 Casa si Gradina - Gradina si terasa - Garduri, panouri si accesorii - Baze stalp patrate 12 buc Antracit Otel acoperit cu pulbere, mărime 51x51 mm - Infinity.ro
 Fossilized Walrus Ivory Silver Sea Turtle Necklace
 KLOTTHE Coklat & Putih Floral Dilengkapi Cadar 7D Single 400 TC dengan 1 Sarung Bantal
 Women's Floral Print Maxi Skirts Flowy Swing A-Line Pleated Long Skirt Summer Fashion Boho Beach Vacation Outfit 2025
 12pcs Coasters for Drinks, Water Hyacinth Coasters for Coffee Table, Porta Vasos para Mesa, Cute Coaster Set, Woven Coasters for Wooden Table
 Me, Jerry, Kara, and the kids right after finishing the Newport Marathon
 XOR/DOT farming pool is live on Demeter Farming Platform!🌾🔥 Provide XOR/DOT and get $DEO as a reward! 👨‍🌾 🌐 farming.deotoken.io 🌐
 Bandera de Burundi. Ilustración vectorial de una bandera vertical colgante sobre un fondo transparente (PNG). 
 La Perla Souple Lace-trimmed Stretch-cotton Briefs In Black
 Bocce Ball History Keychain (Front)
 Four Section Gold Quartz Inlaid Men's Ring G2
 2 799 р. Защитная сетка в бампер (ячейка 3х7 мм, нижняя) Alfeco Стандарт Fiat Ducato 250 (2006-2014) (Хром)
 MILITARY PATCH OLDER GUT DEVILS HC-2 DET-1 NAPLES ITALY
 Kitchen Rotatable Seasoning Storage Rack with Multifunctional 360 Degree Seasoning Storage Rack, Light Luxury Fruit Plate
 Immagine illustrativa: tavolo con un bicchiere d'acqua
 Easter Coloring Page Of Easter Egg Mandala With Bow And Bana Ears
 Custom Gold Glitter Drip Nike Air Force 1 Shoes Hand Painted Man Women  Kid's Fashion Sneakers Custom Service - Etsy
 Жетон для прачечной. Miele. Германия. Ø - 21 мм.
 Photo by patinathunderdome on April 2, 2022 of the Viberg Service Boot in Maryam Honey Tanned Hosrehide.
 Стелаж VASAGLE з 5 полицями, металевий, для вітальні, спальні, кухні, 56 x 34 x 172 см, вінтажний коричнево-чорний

● ● ● ●

Directions for this task:
Output exactly the line containing "Easter Coloring Page" together with every line after it, ending at the final line of the entries.

Solution for this problem:
 Easter Coloring Page Of Easter Egg Mandala With Bow And Bana Ears
 Custom Gold Glitter Drip Nike Air Force 1 Shoes Hand Painted Man Women  Kid's Fashion Sneakers Custom Service - Etsy
 Жетон для прачечной. Miele. Германия. Ø - 21 мм.
 Photo by patinathunderdome on April 2, 2022 of the Viberg Service Boot in Maryam Honey Tanned Hosrehide.
 Стелаж VASAGLE з 5 полицями, металевий, для вітальні, спальні, кухні, 56 x 34 x 172 см, вінтажний коричнево-чорний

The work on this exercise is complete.